Seriously, while this obstructionism is doing great with the rank-and-file GOP members, it's not attracting the moderates the GOP needs if they want to win.



Yes, the people are correct. I'd love some reform. However, as I'm looking at the life-insurance industry and how it was deregulated and forced to underbid itself in order to bring lower costs to customers, I can't help but wonder why can't we do the same thing to the health-care industry?

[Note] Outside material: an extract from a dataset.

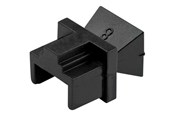 Tilbehør - StarTech.com 100 RJ45 Dust Covers/Ethernet Port Plug - RJ45COVER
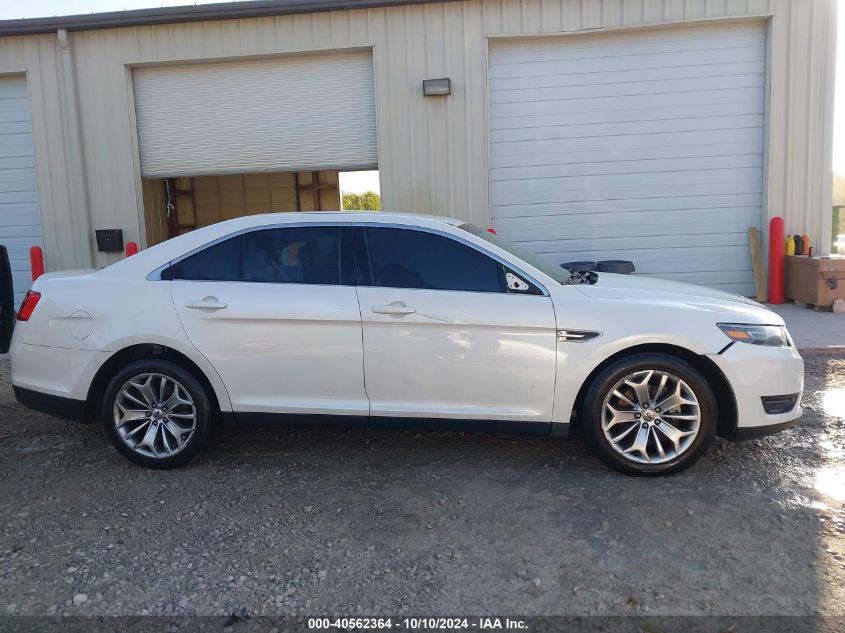 2014 FORD TAURUS LIMITED - 1FAHP2F86EG184467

Lets entertain this argument for a sec. We seriously de-regulate as to what it takes to get insurance. At the moment, it's wicked expensive and most people get it through their employer or co-op of some form (lots of people get together and join, what it amounts to, an interface to the health-care companies a large entity.) Now, say that a company in Kansas thinks it can lower the price for 2% over a provider in Utah. Ideally, that company should be able to put up some advertising in Utah and say, hey, guess what, you can now save a nickel or two by just switching to us. They can have a little gecko saying this if they want to :) . The provider in Utah freaks out and starts thinking of either how to provide more value on the same buck or lower prices.

At the moment, the above scenario is impossible. The current regulations make it difficult for me to go to a doctor in New Hampshire and get my fillings done there or get a company from that state to cover me. This is compounded by the fact that the Medicare system essentially rewards inefficiency. The key to having a sustainable system for health-care will be one that harnesses the forces of the free-market to continually bring lower prices. Think about Six Sigma and 5S, this wasn't a creation of a government entity.